Top of Input records

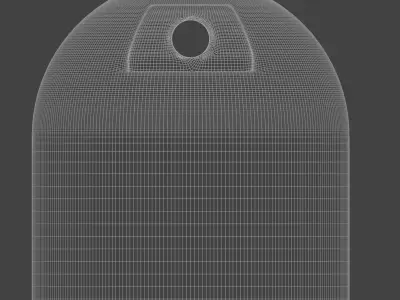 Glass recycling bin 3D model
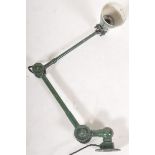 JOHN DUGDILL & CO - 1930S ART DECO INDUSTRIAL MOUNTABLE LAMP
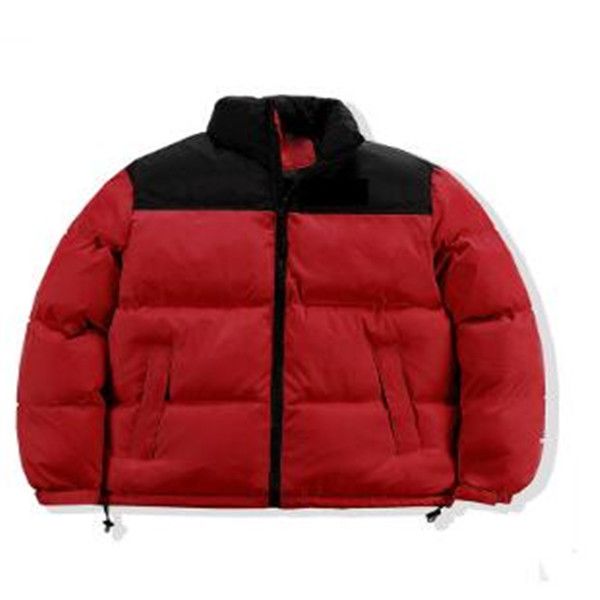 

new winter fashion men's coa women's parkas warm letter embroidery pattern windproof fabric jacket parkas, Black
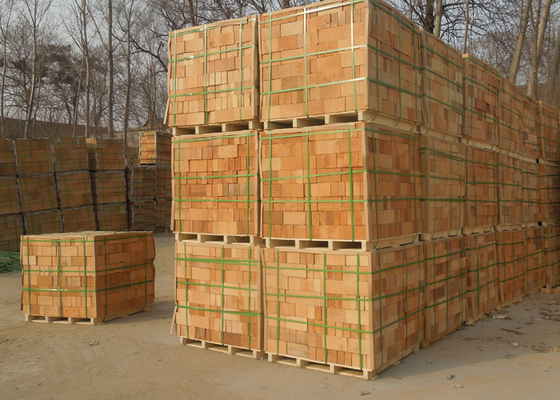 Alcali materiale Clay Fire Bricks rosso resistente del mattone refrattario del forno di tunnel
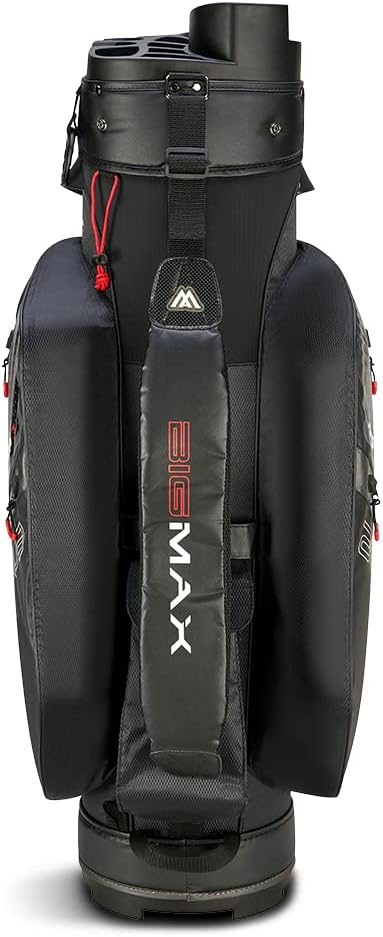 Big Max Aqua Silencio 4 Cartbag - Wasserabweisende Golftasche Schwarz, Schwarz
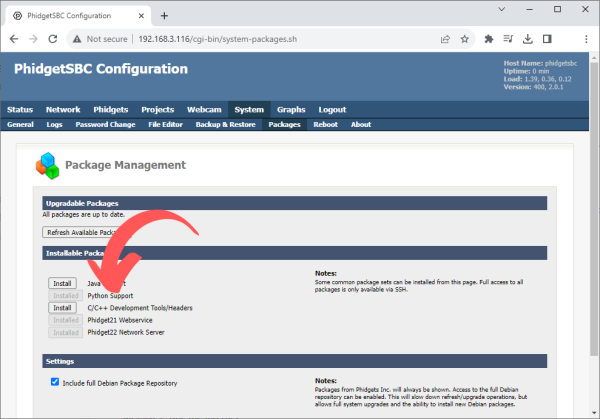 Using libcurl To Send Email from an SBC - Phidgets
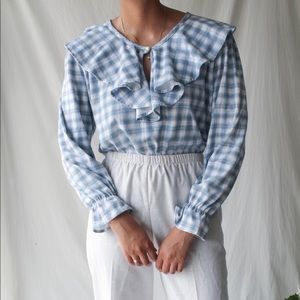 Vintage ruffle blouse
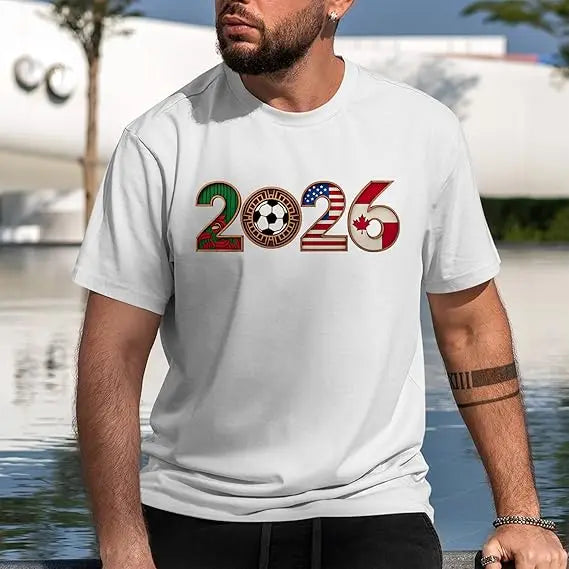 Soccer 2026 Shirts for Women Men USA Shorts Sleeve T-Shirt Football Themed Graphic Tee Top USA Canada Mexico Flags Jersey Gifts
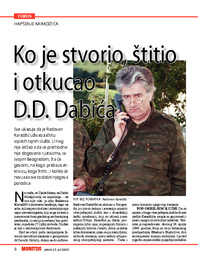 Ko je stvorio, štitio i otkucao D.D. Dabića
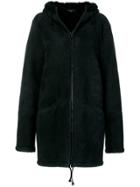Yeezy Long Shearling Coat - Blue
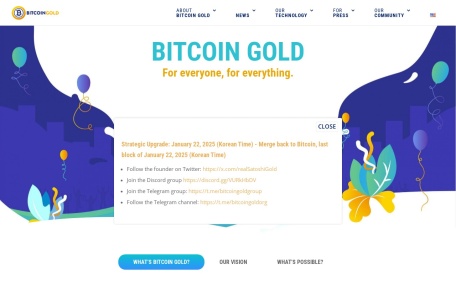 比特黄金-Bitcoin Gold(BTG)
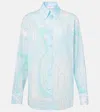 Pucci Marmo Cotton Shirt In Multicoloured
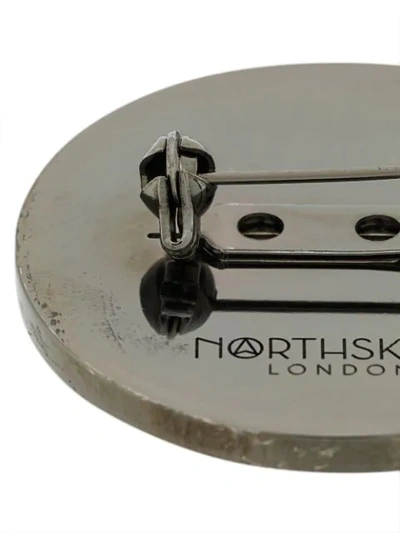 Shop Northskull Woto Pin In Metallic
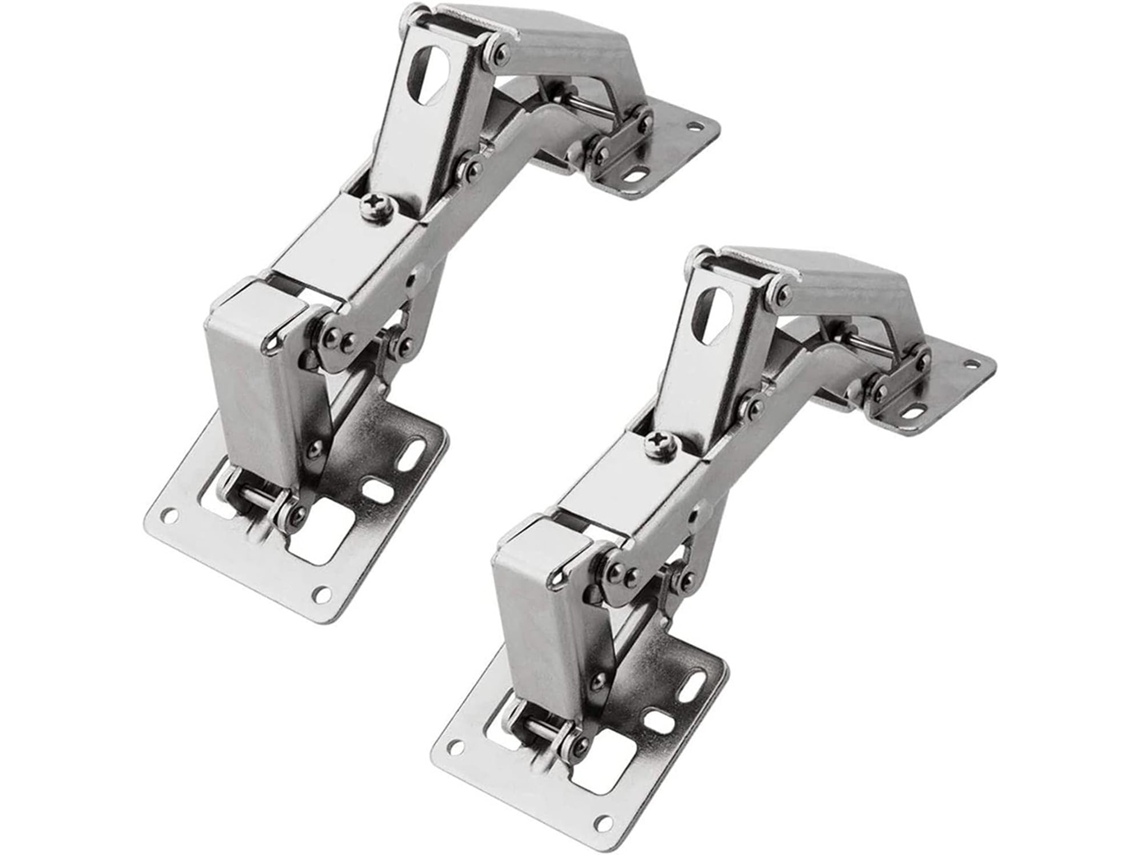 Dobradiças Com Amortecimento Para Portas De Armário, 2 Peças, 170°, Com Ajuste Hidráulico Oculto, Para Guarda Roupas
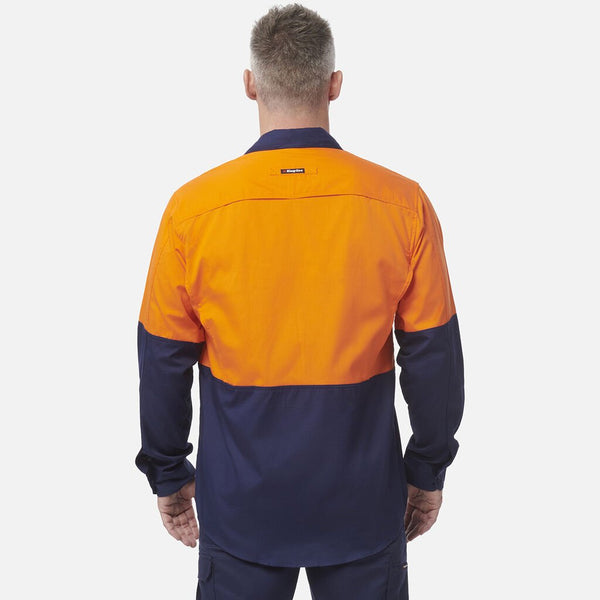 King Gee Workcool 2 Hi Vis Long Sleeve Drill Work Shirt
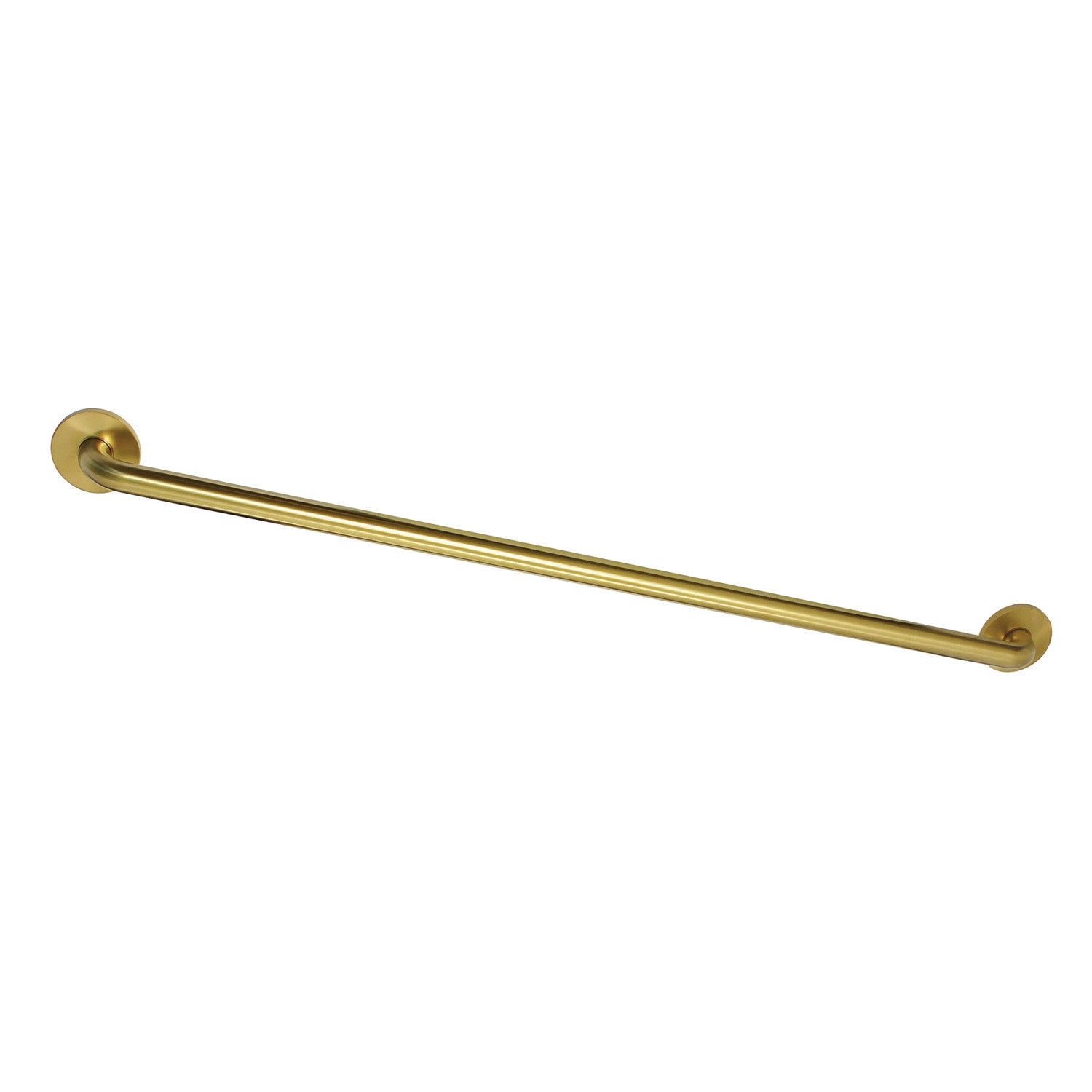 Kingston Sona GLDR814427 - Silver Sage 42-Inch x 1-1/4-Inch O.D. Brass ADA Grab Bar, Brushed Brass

Bottom of Input records

Exercise prompt. What is needed is an exact restatement of every line from the line containing "King Gee Workcool" through the last line of the records, minus any pictures.

Finished exercise.
 King Gee Workcool 2 Hi Vis Long Sleeve Drill Work Shirt
 Kingston Sona GLDR814427 - Silver Sage 42-Inch x 1-1/4-Inch O.D. Brass ADA Grab Bar, Brushed Brass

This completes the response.